Creating informative features often yields the biggest accuracy gains.

# Date‑time features
df['Date'] = pd.to_datetime(df['Date'])
df['Year'] = df['Date'].dt.year
df['Month'] = df['Date'].dt.month
df['Day'] = df['Date'].dt.day

# Polynomial features
from sklearn.preprocessing import PolynomialFeatures
poly = PolynomialFeatures(degree=2)
poly_features = poly.fit_transform(df[['Age','Experience']])

# Binning numeric variable
df['Age_Group'] = pd.cut(df['Age'], bins=[0,18,35,60,100],
    labels=['Teen','Young','Adult','Senior'])
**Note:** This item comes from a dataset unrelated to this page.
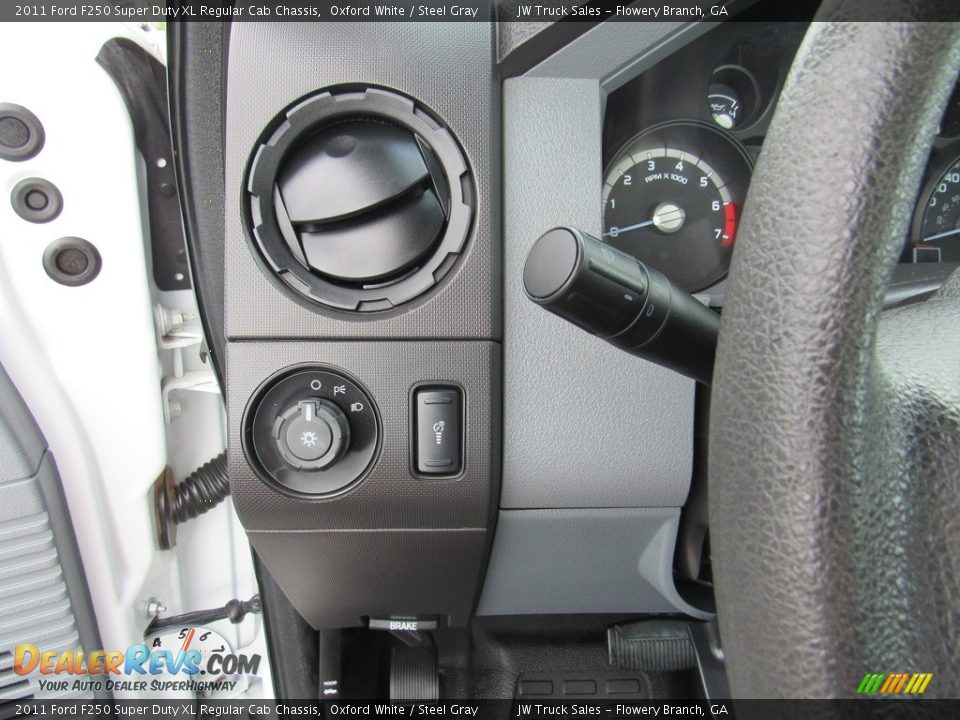 Controls of 2011 Ford F250 Super Duty XL Regular Cab Chassis Photo #26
Step 7 – Feature Selection

Selecting truly important features reduces over‑fitting and speeds up training.

import seaborn as sns
corr = df.corr(numeric_only=True)
sns.heatmap(corr, annot=True)

from sklearn.feature_selection import SelectKBest, f_classif
X = df.drop('Target', axis=1)
y = df['Target']
selector = SelectKBest(score_func=f_classif, k=5)
X_new = selector.fit_transform(X, y)

from sklearn.feature_selection import RFE
from sklearn.linear_model import LogisticRegression
model = LogisticRegression()
rfe = RFE(model, n_features_to_select=5)
X_rfe = rfe.fit_transform(X, y)

Full Pipeline Example

Combining preprocessing steps into a Scikit‑learn Pipeline prevents data leakage.
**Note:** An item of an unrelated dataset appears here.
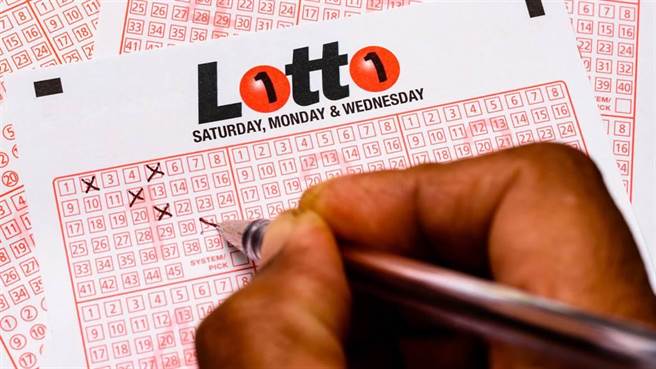 49歲泊車大叔樂透中41億頭獎，妻子為了得到一半獎金，不到10天火速向法院訴請離婚。（示意圖／shutterstock）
from sklearn.pipeline import Pipeline
from sklearn.compose import ColumnTransformer
from sklearn.preprocessing import StandardScaler, OneHotEncoder
from sklearn.impute import SimpleImputer
from sklearn.linear_model import LogisticRegression
from sklearn.model_selection import train_test_split

numeric_features = ['Age','Salary','Experience']
categorical_features = ['Gender','City']

numeric_transformer = Pipeline(steps=[
    ('imputer', SimpleImputer(strategy='median')),
    ('scaler', StandardScaler())
])

categorical_transformer = Pipeline(steps=[
    ('imputer', SimpleImputer(strategy='most_frequent')),
    ('onehot', OneHotEncoder(handle_unknown='ignore'))
])

preprocessor = ColumnTransformer(transformers=[
    ('num', numeric_transformer, numeric_features),
    ('cat', categorical_transformer, categorical_features)
])

model_pipeline = Pipeline(steps=[
    ('preprocessor', preprocessor),
    ('classifier', LogisticRegression(max_iter=1000))
])

X = df.drop('Target', axis=1)
y = df['Target']
X_train, X_test, y_train, y_test = train_test_split(
    X, y, test_size=0.2, random_state=42)
model_pipeline.fit(X_train, y_train)
print("Model trained successfully")

Conclusion

Feature engineering is the foundation of any successful machine‑learning project. Clean, transformed, and informative features often outweigh the choice of a sophisticated algorithm. Following the steps above reliably lifts model accuracy and robustness.